**Exercise objective**
Your job with the data below: print everything from the line that holds "海外でつかう JAL Pay" down to the line that holds "China Single Air", ends included, exactly, and nothing else.

**Input for this task**
——————

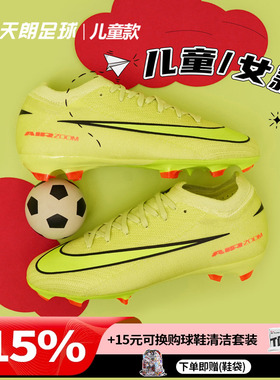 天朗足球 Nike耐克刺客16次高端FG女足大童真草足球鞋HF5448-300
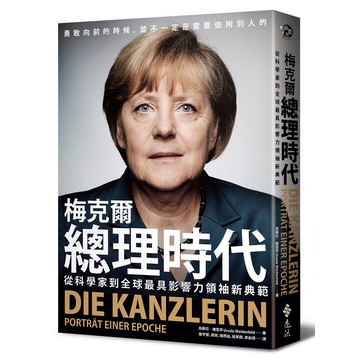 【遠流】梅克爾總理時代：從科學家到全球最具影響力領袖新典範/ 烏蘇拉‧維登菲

——————

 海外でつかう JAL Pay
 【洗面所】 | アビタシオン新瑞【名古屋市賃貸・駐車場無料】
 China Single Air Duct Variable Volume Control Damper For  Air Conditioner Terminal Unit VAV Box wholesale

——————

**Output of the exercise**
 海外でつかう JAL Pay
 【洗面所】 | アビタシオン新瑞【名古屋市賃貸・駐車場無料】
 China Single Air Duct Variable Volume Control Damper For  Air Conditioner Terminal Unit VAV Box wholesale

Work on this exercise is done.